Here is a look at some of the most out-of-your-mind things our species has gotten into. 


Go Big Or Go Home: The Top Extreme Sports


Wingsuit

The Wright Brothers were pretty radical for their time. Piloting their aircraft for 12 seconds, covering 852 feet, off the dunes of Kitty Hawk, North Carolina, that first flight pretty much changed the world. But if they had YouTube back then and saw a video of a flying squirrel, things could have turned out a lot differently. 


Wingsuit pilots launch off cliffs, mountain tops, helicopters, and airplanes. There is even a slalom course race organized by Red Bull. Hitting top speeds of 200 mph, Wingsuiting is obviously crazy dangerous and was recently voted the sport you are least likely to tell your Mom you are going to do.

 

Freediving

1 breath. 700 feet. That’s the world record for no-limit free diving. Which means the diver is pulled quickly to the depth by a machine on a cable. Freedivers have been recorded lowering their heart rate to 14 bpm. 


There a variety of freediving disciplines as well, with fins, no fins, with and without weights, dynamic apnea, etc. Oh, and Static apnea. That’s where you basically do the dead-man float for as long as you can. Although, not a huge spectator sport, Static also has to go into the extreme category, with a standing world record of 11 minutes, 35 seconds.


Big Wave Riding

Really big wave riding. Like 50+ foot waves that only happen at a few spots a few times a year. The kind of event that jolts the couple dozen surfers in the world who have the ability to catch these monsters, to hop an overnight flight from wherever to get a chance at even catching just one. 


Sure there are plenty more people who have utilized a jet ski to get towed into a world record size wave. That requires skill and guts for sure.

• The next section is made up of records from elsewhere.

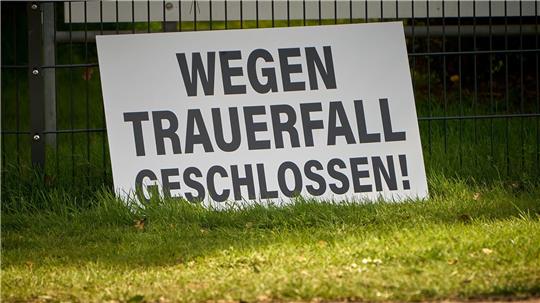 Nach dem folgenschweren Arbeitsunfall mit drei Toten und zwei lebensgefährlich Verletzten bleibt die Lederfabrik geschlossen. 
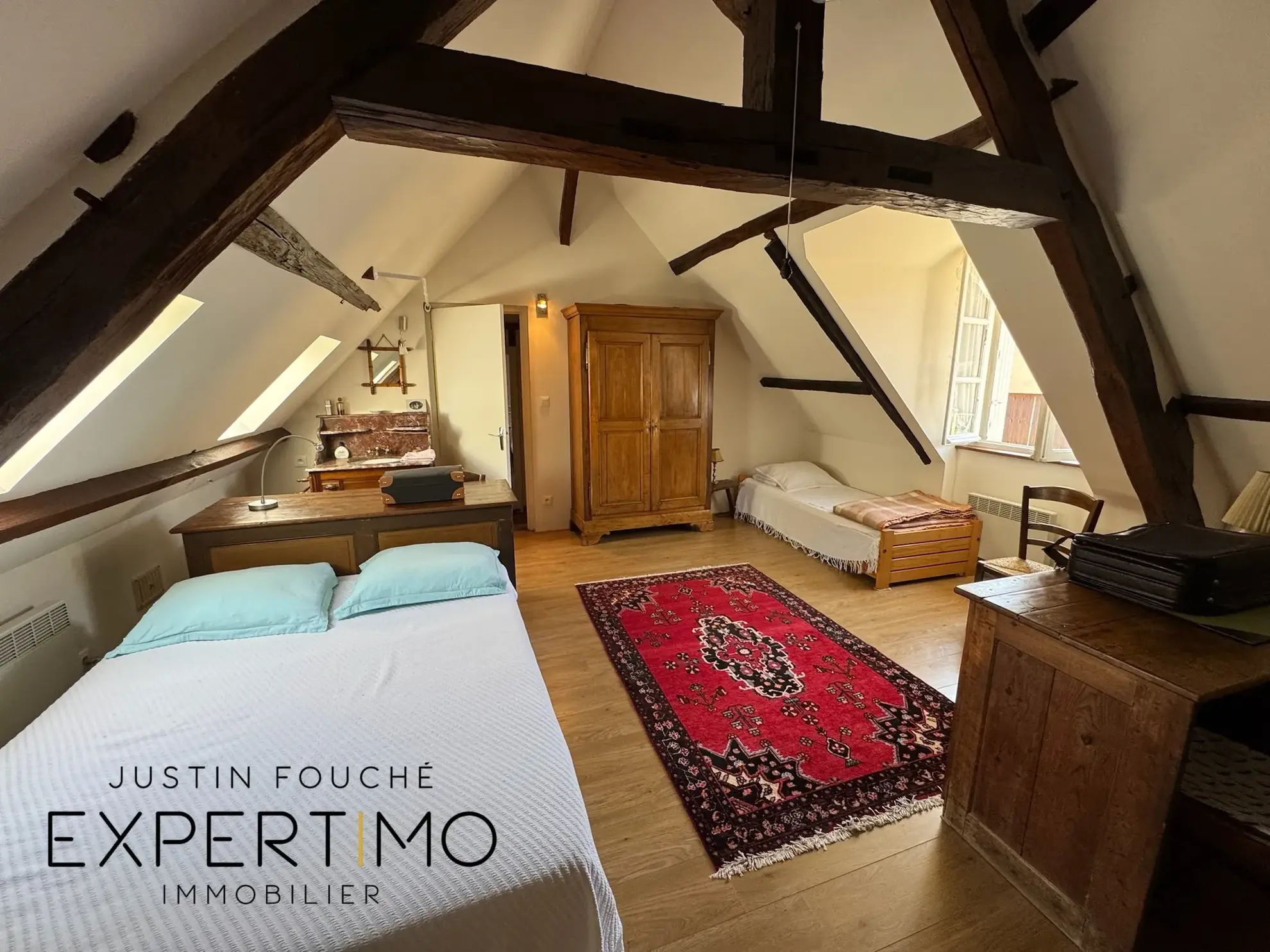 Maison de village rénovée de 120 m² à Semur en Vallon 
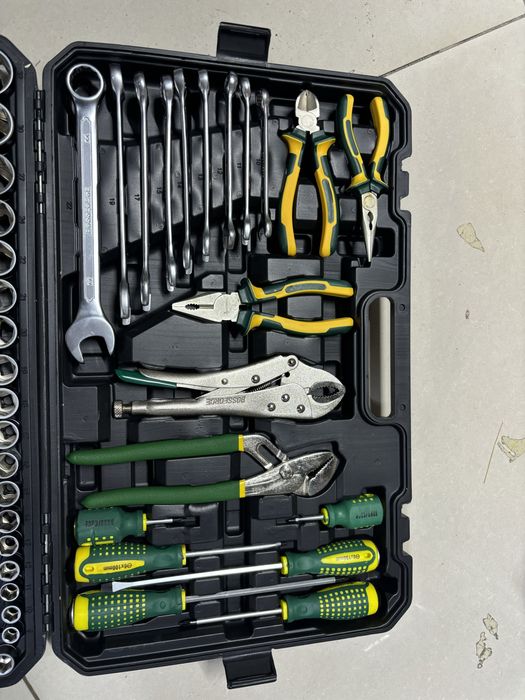 Набор ключей. Набор инструментов BOSS FORCE 112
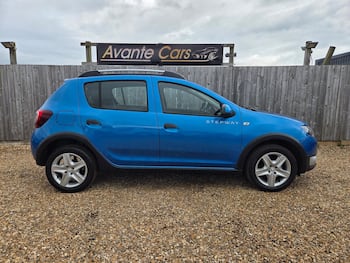 Used Dacia Sandero Stepway 2013 for sale - 79792082: Photo
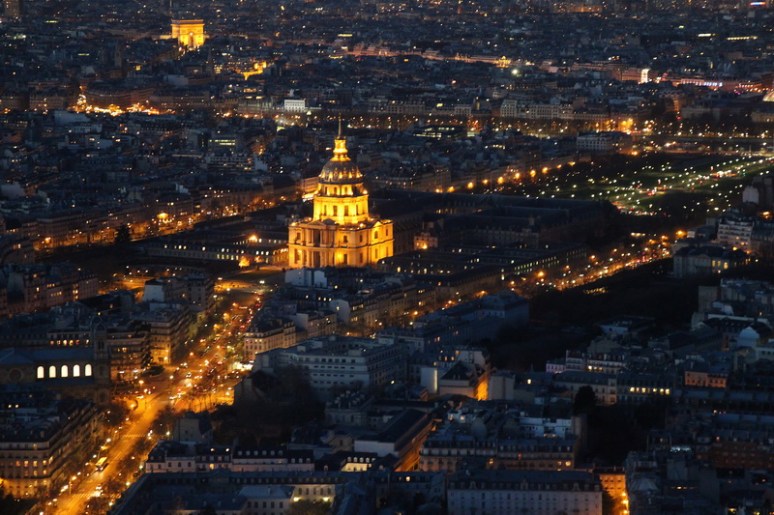 Paris. Vue sur les Invalides et l'Arc de Triomphe depuis la terrasse panoramique (59ème étage) de la Tour Montparnasse.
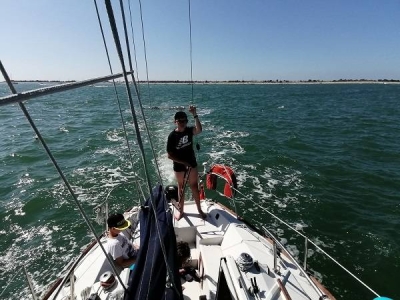 Image hebergement insolite SORTIE EN MER À LA JOURNÉE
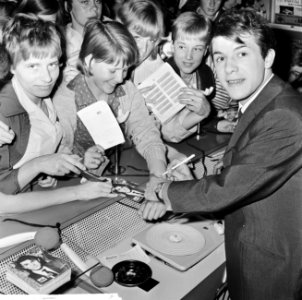 Adamo in Rotterdam, Belgische zanger, Adamo tussen zijn fans, Bestanddeelnr 916-4511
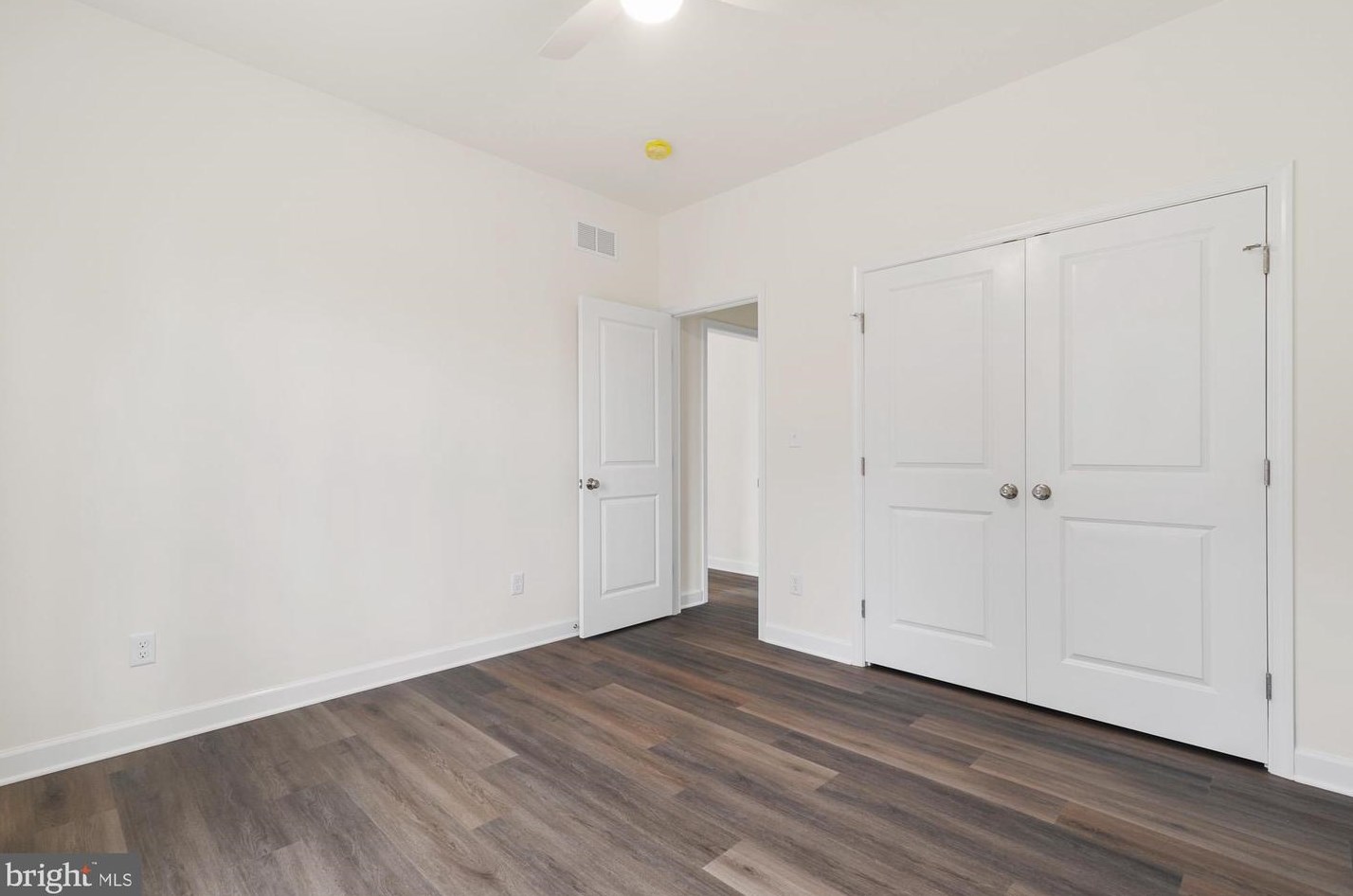 749 Oak Dr, Dover DE  19904-4341 exterior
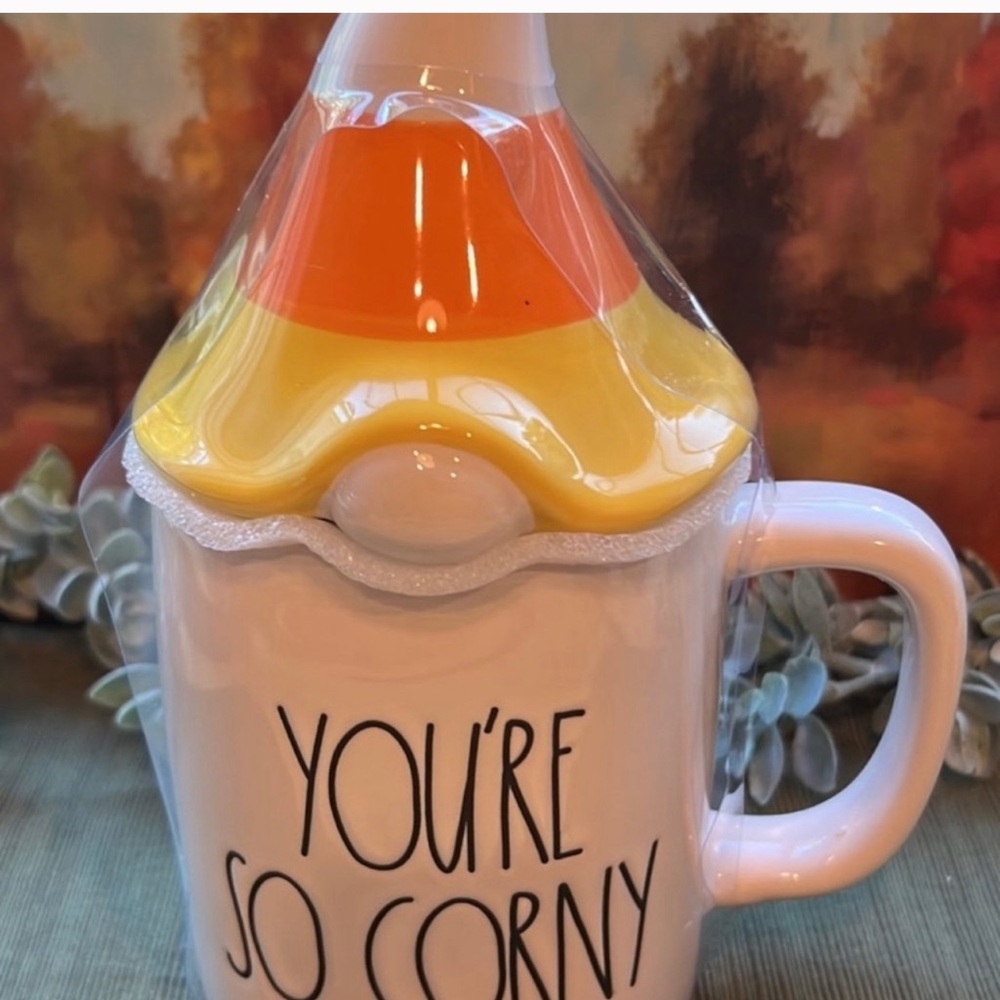 Rae Dunn Corby lidded mug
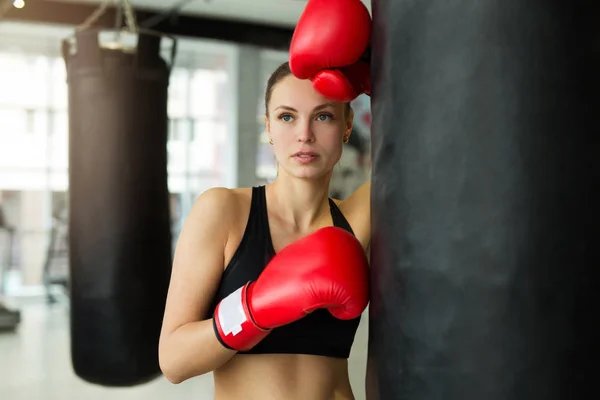 Hermosa Joven Guantes Boxeo Cerca Del Saco Boxeo Gimnasio Entrenamiento —  Fotos de Stock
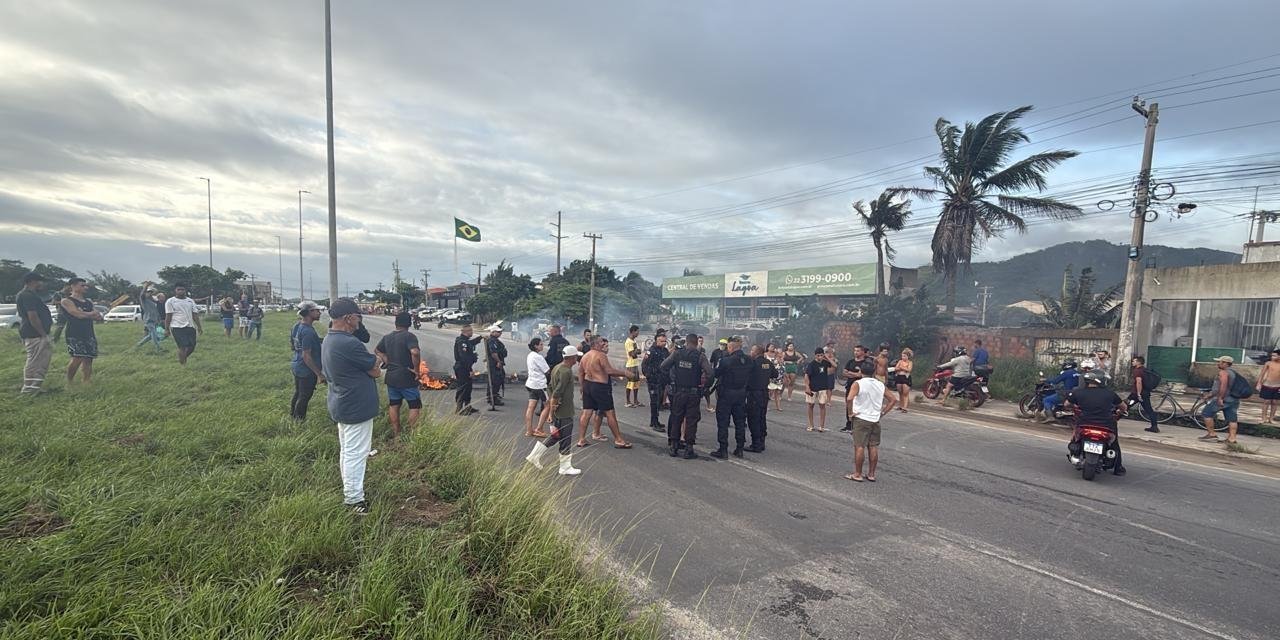 Moradores interditam RJ-140 e queimam pneus em protesto após chuvas RJ | G1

But the crew that paddles themselves into a wave that jacks up 4 stories high, making the commitment to push over the edge of a mountain of water are who we are talking about.  With massive risks of wiping out, being held under and thrashed around like a rag doll and not getting to the surface before the next wave explodes on their heads and pins them under for another drag along the reef. Gnarly.



Find Your Own Extreme 

Extreme sports are for a rare breed of athlete. Living vicariously through their jaw-dropping feats may create all the adrenaline you really need. But it is always fun and not to mention good for you, to push the limits once in a while. 


Try something a little-of-the-box to keep challenging yourself. If you are a road runner or biker, give the trails a try. Or maybe you are a rower that sticks to flatwater river courses. Giving coastal or open water rowing a go may really float your boat.